R: k-EVCLUS algorithm

kevclus {evclust}

R Documentation

k-EVCLUS algorithm

Description

kevclus computes a credal partition from a dissimilarity matrix using the k-EVCLUS algorithm.

Usage

kevclus(
  x,
  k = n - 1,
  D,
  J,
  c,
  type = "simple",
  pairs = NULL,
  m0 = NULL,
  ntrials = 1,
  disp = TRUE,
  maxit = 1000,
  epsi = 1e-05,
  d0 = quantile(D, 0.9),
  tr = FALSE,
  change.order = FALSE,
  norm = 1
)

Arguments

`x`	nxp matrix of p attributes observed for n objects (optional).
`k`	Number of distances to compute for each object (default: n-1).
`D`	nxn or nxk dissimilarity matrix (used only of x is not supplied).
`J`	nxk matrix of indices. D[i,j] is the distance between objects i and J[i,j]. (Used only if D is supplied and ncol(D)<n; then k is set to ncol(D).)
`c`	Number of clusters
`type`	Type of focal sets ("simple": empty set, singletons and Omega; "full": all `2^c` subsets of `\Omega`; "pairs": `\emptyset`, singletons, `\Omega`, and all or selected pairs).
`pairs`	Set of pairs to be included in the focal sets; if NULL, all pairs are included.
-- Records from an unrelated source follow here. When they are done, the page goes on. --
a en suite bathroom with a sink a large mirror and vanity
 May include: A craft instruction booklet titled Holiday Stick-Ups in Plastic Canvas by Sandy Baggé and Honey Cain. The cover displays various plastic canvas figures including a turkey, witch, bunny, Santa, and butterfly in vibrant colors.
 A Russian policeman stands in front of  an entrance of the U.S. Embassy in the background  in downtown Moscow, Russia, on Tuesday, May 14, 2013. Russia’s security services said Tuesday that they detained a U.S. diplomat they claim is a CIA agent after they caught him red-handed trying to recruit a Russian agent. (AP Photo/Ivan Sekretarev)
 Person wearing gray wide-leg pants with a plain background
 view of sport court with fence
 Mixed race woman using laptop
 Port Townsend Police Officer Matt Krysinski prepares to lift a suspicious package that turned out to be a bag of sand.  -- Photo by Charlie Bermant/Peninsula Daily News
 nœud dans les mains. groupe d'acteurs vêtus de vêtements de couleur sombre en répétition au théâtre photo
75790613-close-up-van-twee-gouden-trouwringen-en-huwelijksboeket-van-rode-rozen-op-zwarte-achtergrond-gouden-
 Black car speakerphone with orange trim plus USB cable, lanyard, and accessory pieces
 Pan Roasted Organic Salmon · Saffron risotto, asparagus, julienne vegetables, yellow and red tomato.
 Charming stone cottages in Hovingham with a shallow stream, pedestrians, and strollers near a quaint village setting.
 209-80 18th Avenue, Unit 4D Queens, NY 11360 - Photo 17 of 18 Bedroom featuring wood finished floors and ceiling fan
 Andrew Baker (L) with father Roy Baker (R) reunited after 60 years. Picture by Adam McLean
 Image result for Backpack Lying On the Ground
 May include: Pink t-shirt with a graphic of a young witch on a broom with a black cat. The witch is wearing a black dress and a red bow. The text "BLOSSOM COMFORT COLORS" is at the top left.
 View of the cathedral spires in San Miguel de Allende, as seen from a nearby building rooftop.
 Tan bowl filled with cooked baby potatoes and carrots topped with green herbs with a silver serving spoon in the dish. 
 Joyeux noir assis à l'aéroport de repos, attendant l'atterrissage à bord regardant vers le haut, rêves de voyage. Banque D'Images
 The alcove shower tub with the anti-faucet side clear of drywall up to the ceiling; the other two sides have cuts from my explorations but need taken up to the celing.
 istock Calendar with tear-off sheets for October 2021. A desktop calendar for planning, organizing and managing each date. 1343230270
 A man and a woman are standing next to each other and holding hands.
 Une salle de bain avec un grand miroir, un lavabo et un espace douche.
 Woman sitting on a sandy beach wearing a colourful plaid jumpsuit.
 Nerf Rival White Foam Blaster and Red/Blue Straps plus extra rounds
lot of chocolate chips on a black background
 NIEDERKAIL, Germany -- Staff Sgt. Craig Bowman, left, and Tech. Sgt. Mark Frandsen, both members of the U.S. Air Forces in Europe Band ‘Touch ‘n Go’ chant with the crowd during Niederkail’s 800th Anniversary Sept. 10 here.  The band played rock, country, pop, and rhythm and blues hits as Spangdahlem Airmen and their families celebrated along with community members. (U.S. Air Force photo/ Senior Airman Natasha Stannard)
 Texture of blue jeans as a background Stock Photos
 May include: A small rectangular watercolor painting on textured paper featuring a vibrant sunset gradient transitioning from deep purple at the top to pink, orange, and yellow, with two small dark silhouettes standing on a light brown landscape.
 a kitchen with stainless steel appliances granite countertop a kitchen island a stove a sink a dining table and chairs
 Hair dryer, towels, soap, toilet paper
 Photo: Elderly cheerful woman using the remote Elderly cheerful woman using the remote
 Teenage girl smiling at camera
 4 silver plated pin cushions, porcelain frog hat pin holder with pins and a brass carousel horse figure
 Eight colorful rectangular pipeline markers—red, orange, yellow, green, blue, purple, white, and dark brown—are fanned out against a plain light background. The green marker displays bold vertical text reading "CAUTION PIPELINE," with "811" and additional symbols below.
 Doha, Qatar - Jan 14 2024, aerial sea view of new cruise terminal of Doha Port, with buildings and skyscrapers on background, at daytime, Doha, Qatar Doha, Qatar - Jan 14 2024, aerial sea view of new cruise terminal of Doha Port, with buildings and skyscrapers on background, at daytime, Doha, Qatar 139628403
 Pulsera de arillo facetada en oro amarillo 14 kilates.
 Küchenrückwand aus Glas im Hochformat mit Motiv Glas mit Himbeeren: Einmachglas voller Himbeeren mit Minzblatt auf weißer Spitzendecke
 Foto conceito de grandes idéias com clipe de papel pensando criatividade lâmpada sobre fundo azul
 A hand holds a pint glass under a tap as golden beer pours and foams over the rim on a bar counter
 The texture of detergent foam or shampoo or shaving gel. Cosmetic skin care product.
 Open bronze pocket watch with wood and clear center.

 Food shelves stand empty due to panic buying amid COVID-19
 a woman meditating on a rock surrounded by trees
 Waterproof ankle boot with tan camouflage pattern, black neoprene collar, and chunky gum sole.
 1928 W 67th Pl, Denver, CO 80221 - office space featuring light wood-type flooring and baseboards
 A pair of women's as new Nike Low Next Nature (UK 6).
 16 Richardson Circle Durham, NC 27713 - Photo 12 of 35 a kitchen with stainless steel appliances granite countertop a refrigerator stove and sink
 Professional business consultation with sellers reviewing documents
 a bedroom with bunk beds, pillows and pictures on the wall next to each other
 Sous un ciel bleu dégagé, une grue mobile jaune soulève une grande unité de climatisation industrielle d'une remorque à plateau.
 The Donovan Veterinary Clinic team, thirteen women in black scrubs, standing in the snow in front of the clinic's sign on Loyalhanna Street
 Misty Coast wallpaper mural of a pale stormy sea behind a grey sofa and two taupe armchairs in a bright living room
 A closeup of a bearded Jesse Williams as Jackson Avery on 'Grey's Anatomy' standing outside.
Used only if type="pairs".
`m0`	Initial credal partition. Should be a matrix with n rows and a number of columns equal to the number f of focal sets specified by 'type' and 'pairs'.
`ntrials`	Number of runs of the optimization algorithm (set to 1 if m0 is supplied and change.order=FALSE).
`disp`	If TRUE (default), intermediate results are displayed.
`maxit`	Maximum number of iterations.
`epsi`	Minimum amount of improvement.
`d0`	Parameter used for matrix normalization. The normalized distance corresponding to d0 is 0.95.
`tr`	If TRUE, a trace of the stress function is returned.
`change.order`	If TRUE, the order of objects is changed at each iteration of the Iterative Row-wise Quadratic Programming (IRQP) algorithm.
`norm`	Normalization of distances. 1: division by mean(D^2) (default); 2: division par n*p.

Details

This version of the EVCLUS algorithm uses the Iterative Row-wise Quadratic Programming (IRQP) algorithm (see ter Braak et al., 2009). It also makes it possible to use only a random sample of the dissimilarities, reducing the time and space complexity from quadratic to roughly linear (Denoeux et al., 2016). The user must supply: 1) a matrix x or size (n,p) containing the values of p attributes for n objects, or 2) a matrix D of size (n,n) of dissimilarities between n objects, or 3) a matrix D of size (n,k) of dissimilarities between the n objects and k randomly selected objects, AND a matrix J of size (n,k) of indices, such that D[i,j] is the distance between objects i and J[i,j]. In cases 1 and 2, the user may supply the number $k$ of distances to be picked randomly for each object. In case 3, k is set to the number of columns of D.

Value

The credal partition (an object of class "credpart"). In addition to the usual attributes, the output credal partition has the following attributes:

Kmat: The matrix of degrees of conflict. Same size as D.
D: The normalized dissimilarity matrix.
trace: Trace of the algorithm (Stress function vs iterations).
J: The matrix of indices.

Author(s)

Thierry Denoeux.

References

T. Denoeux and M.-H. Masson. EVCLUS: Evidential Clustering of Proximity Data. IEEE Transactions on Systems, Man and Cybernetics B, Vol. 34, Issue 1, 95–109, 2004.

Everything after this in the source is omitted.